* _WHAT NEEDS TO BE DONE_: Your answer is to be the exact text of the lines from the one containing "רוביני Luxury Apartment" through the final line of the entries, restated in full, with pictures omitted.

(Collected data)
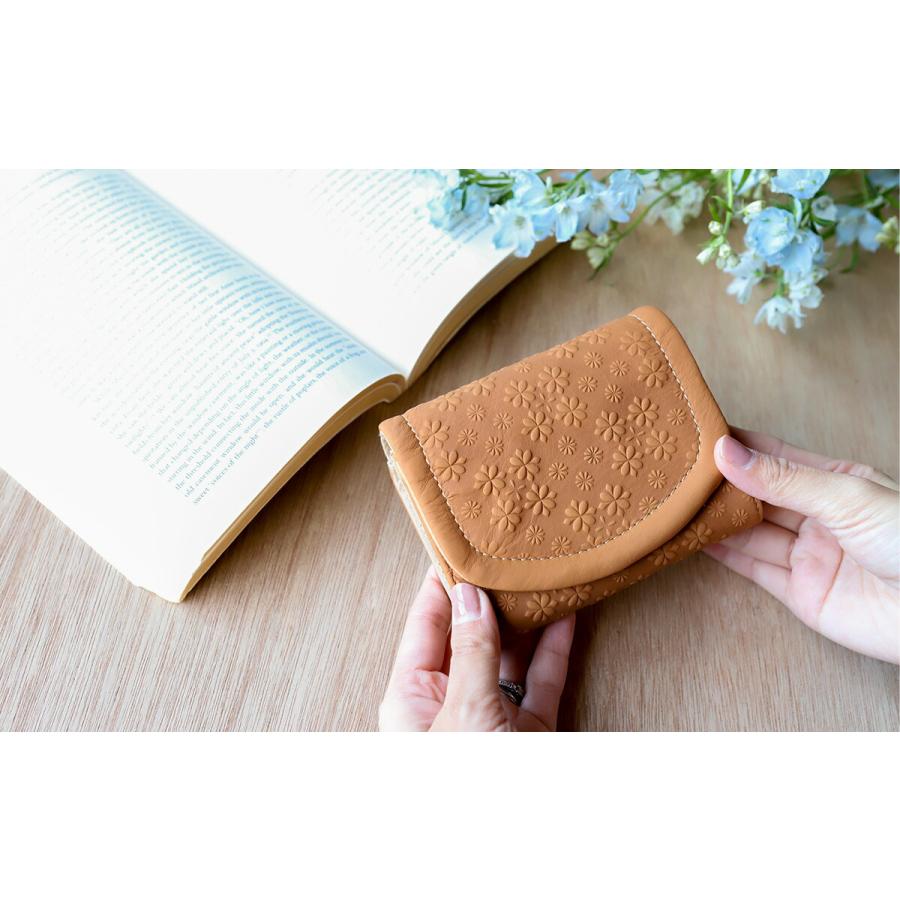 box21 二つ折り財布 花柄 ボックス21 カローラ2 牛革 型押し box21 二つ折り財布 花柄 ボックス21 カローラ2 牛革 型押し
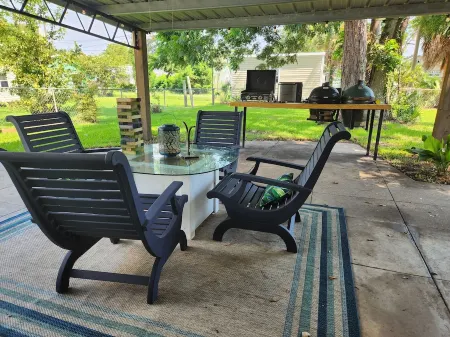 Charming Florida Cottage – Steps from St. Joe Bay with Top-Notch Amenities! Отели в г. Порт-Сент-Джо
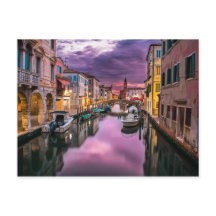 Solnedgångsbild av Italiens Venedig-kanaler med bå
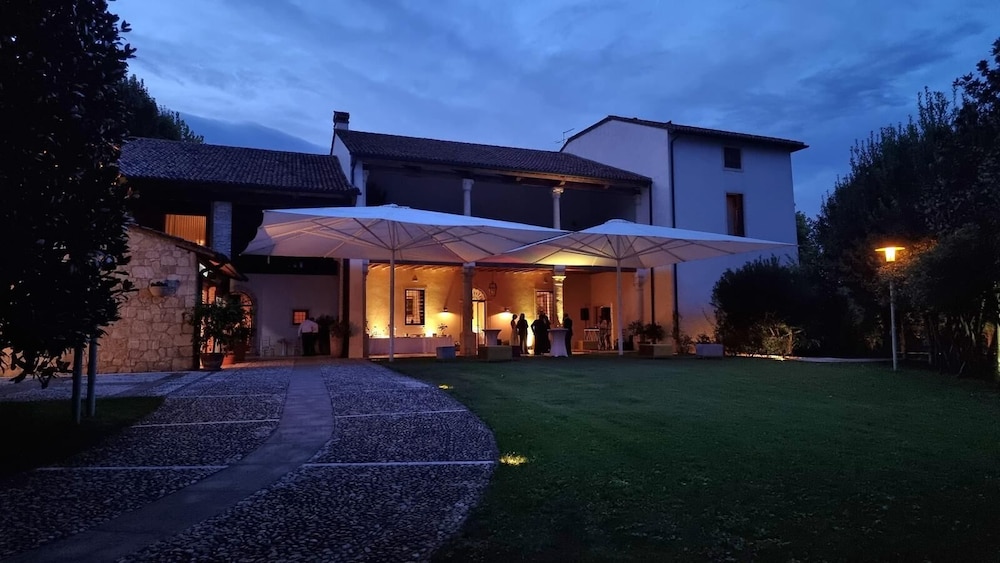 Villa Valmarana De Toni-Dimora Storica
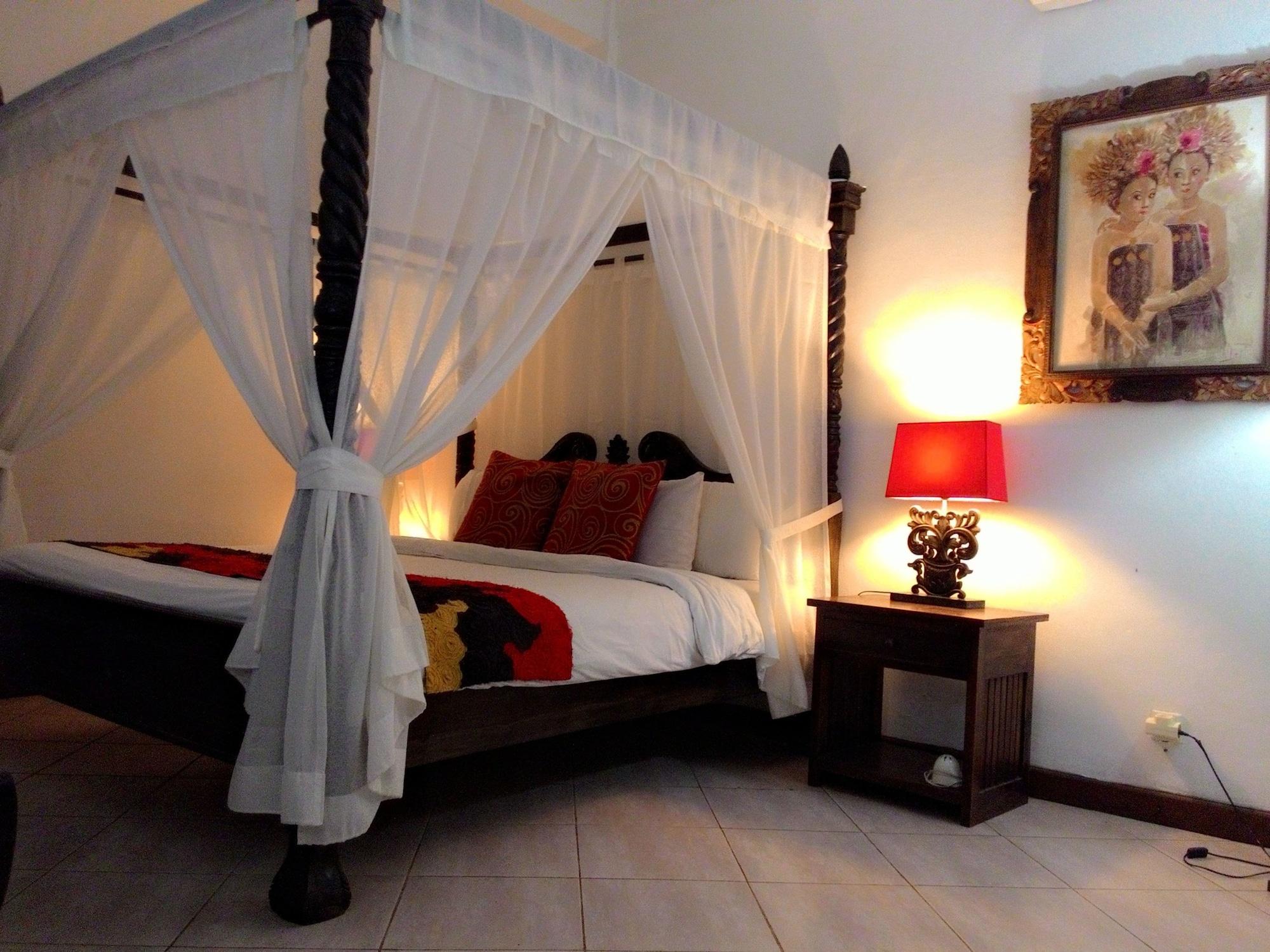 Puri Maharani Boutique Hotel デンパサール エクステリア 写真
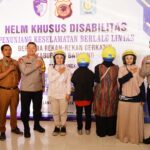 Satlantas Polresta Bandung Bagikan Helm Inklusif untuk Pengendara Disabilitas dalam Operasi Zebra Lodaya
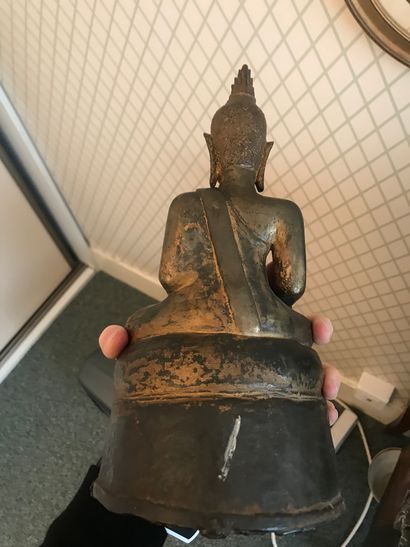Ensemble de trois figures de Bouddha
Dont...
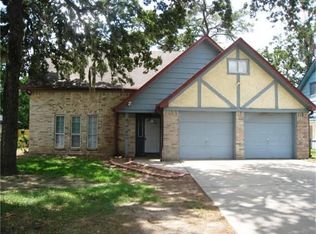 7043 Windy Pines Dr, Spring, TX 77379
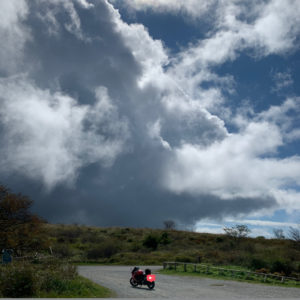 高ボッチ高原で待望の陽光が差し込むシーンとCBR650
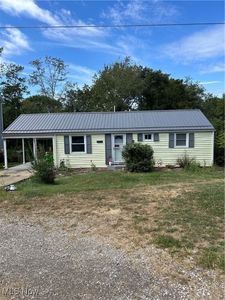 24 Garfield Ave, New Concord, OH, 43762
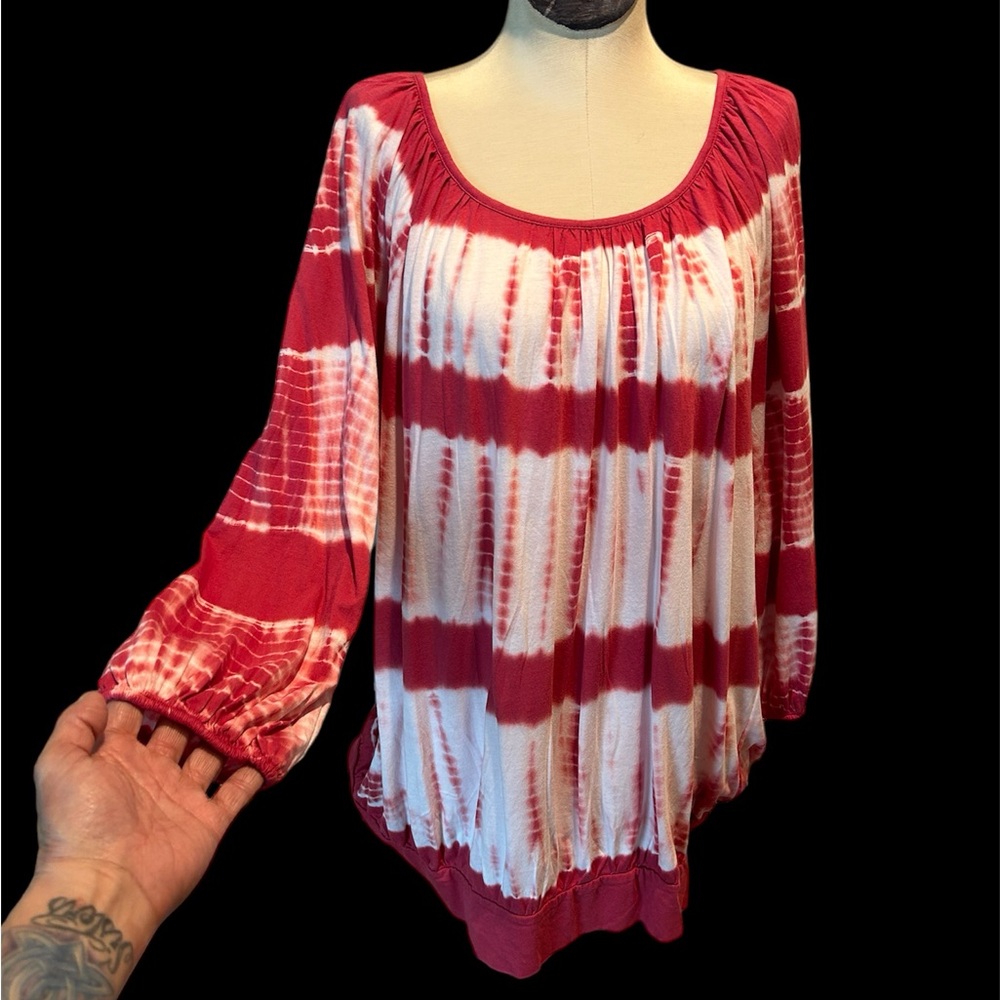 Super cute tie dye ballon style top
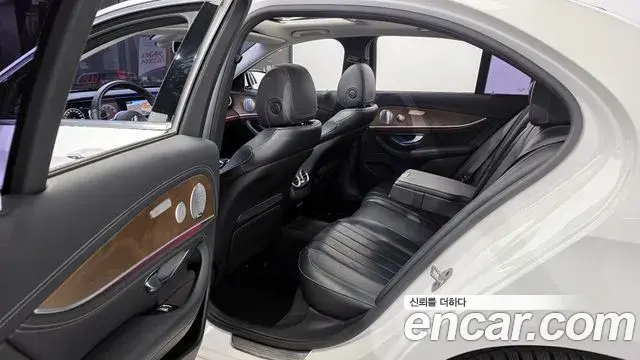 Mercedes-Benz E-Class 2018 — ფოტო 13/20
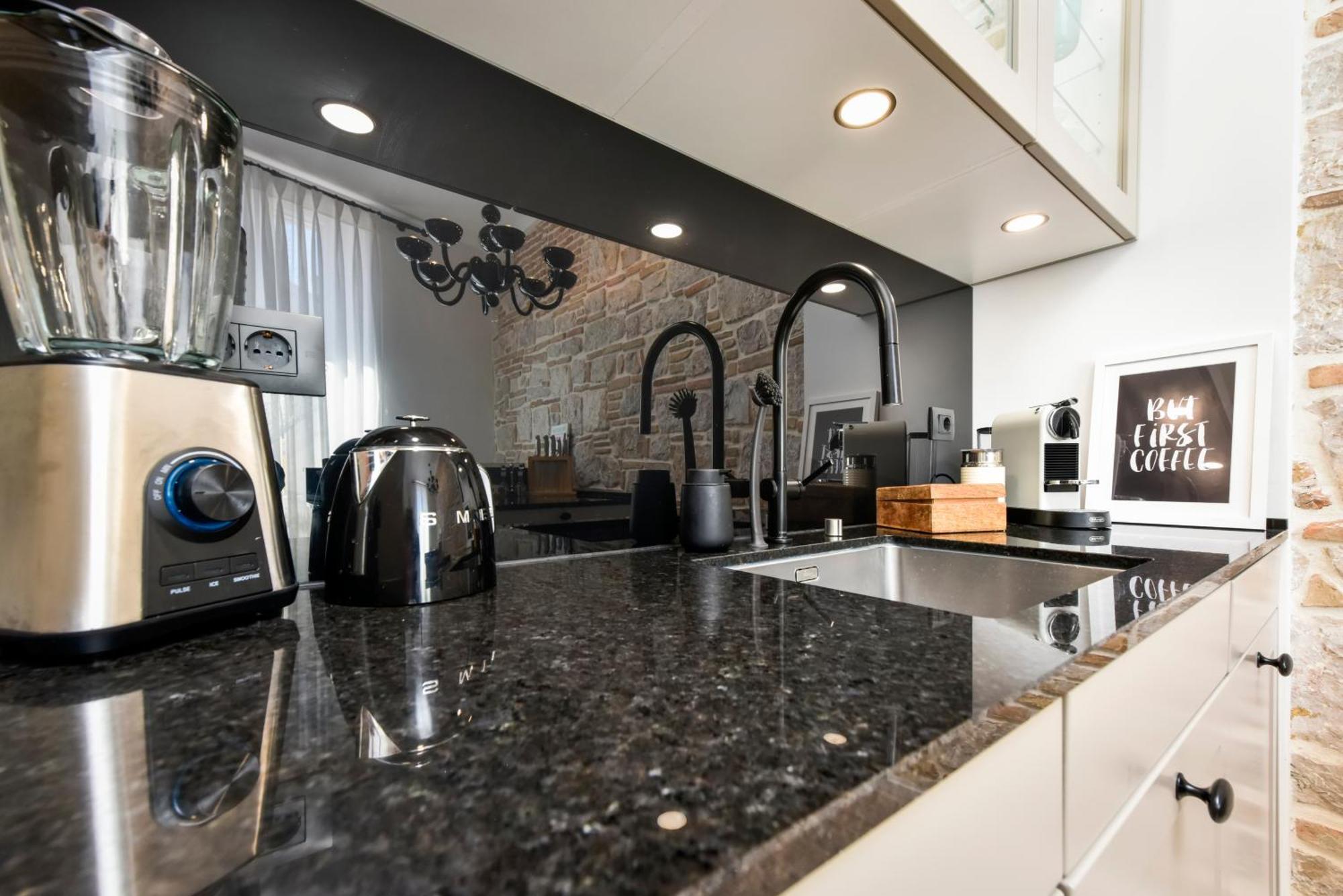 רוביני Luxury Apartment Sunce מראה חיצוני תמונה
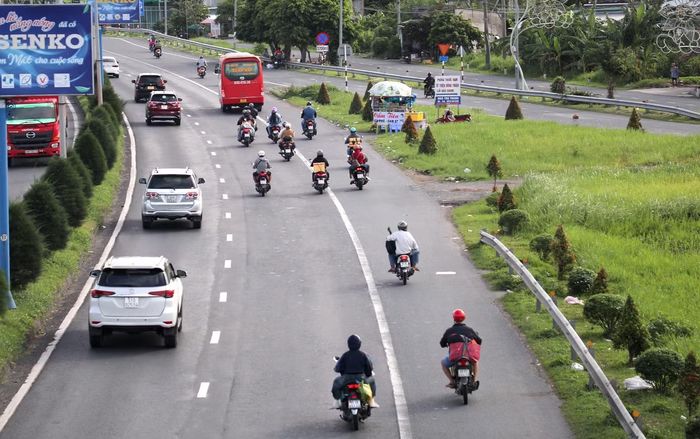 Tại khu vực cầu Cần Thơ, dòng xe hướng về TPHCM và các tỉnh Đông Nam Bộ cũng tăng lên nhưng không xảy ra cảnh kẹt xe, ùn ứ như một số dịp nghỉ lễ trước.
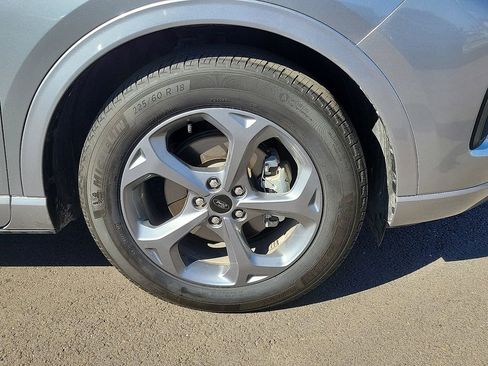 Used 2024 Ford Escape ST-Line image 5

* _RESULT FOR THIS EXERCISE_:
 רוביני Luxury Apartment Sunce מראה חיצוני תמונה
 Tại khu vực cầu Cần Thơ, dòng xe hướng về TPHCM và các tỉnh Đông Nam Bộ cũng tăng lên nhưng không xảy ra cảnh kẹt xe, ùn ứ như một số dịp nghỉ lễ trước.
 Used 2024 Ford Escape ST-Line image 5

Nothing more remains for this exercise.